As a young boy, Ernie realized his passion for running would take him anywhere (a la Forrest Gump) when his quick feet save him from a group of white, troublemaking kids looking for a fight. His natural athletic ability would later lead him into the college football ranks where Syracuse University and Coach Ben Schwartzwalder (Dennis Quaid) manage to lure him away from his other suitors with the recruiting assistance of Syracuse alumnus and Cleveland Browns running back Jim Brown (Darrin Dewitt Henson).

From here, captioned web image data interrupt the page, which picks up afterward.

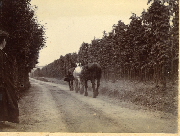 AR_1981_176_2_428.jpg
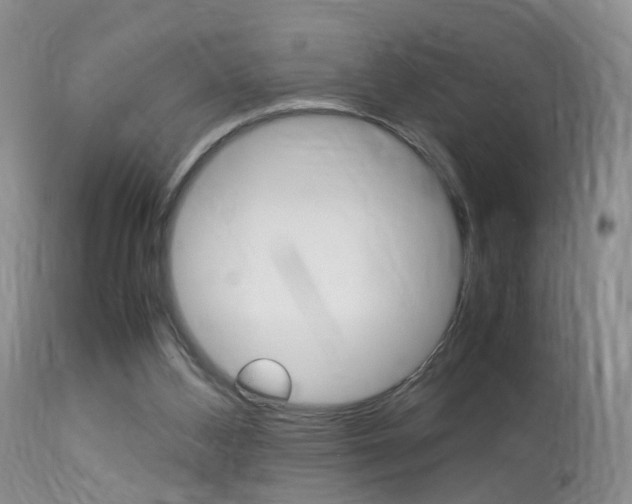 X0000113950108200909251012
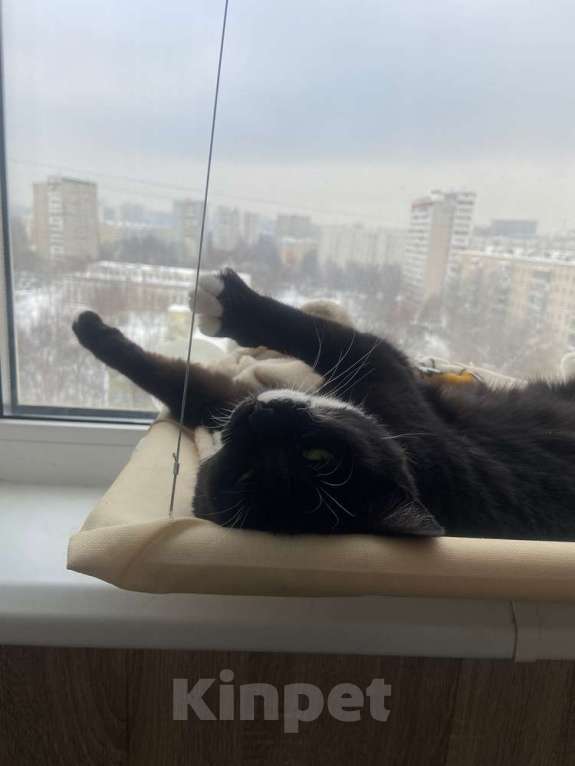 Кошки в Москве: Маркизный ласковый кот Орешек в добрые руки Мальчик, Бесплатно - фото 4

Ernie’s not quite comfortable being helmed the second coming of Brown (Coach makes him wear No. 44, Brown’s old jersey number), but as a fan of Brooklyn Dodgers’ Jackie Robinson when he was a child, he understands the positive influence an upstanding and talented black man can have on a repressed black community, and is starstruck when Brown shows interest in his running game. As one of only three black players on the team, however, it’s no easy task to integrate as older teammates take offense to him being on the varsity squad and when his ambiguously bigoted coach calls him into his office to give him the “white girl speech,†which basically forbids him to date outside his race.

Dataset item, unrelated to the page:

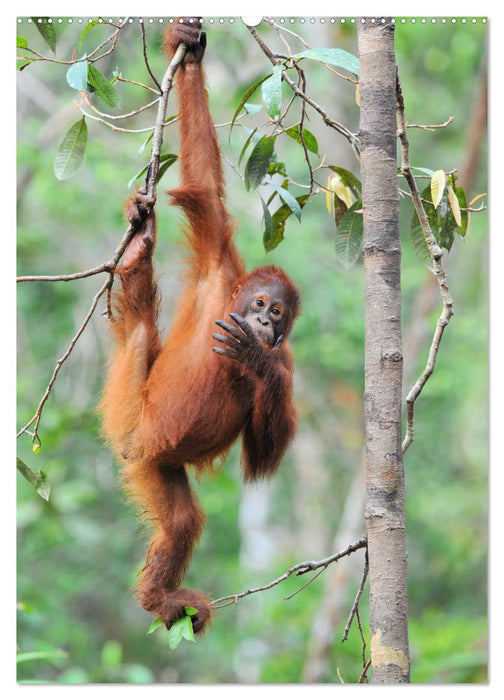 Orang Utans aus Borneo (CALVENDO Premium Wandkalender 2025)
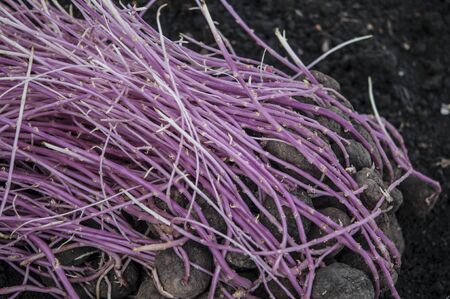 prepared germinating potato in the planting process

While “The Express” continues to hammer the obvious elements into an already unstable script (every white character acts like they’ve been ripped from “The Jerry Springer Show”), the film is less concerned about pounding the ball down the field and capturing authenticity between opposing teams. It tries to be gritty with cinematography tricks, but “The Express” feels lax and imitative. There are some action sequences on the gridiron that actually feel like 30-second Super Bowl spots with all the overproduced sound effects (do I hear buffalo stampeding during kickoffs?) and a stale score featuring military cadences. All this leads up to an anticlimactic and longwinded fourth quarter that would have benefited from some skilled editing. While Davis’ biography is extremely noteworthy, even he knew running up the score while you’re ahead isn’t very sportsmanlike.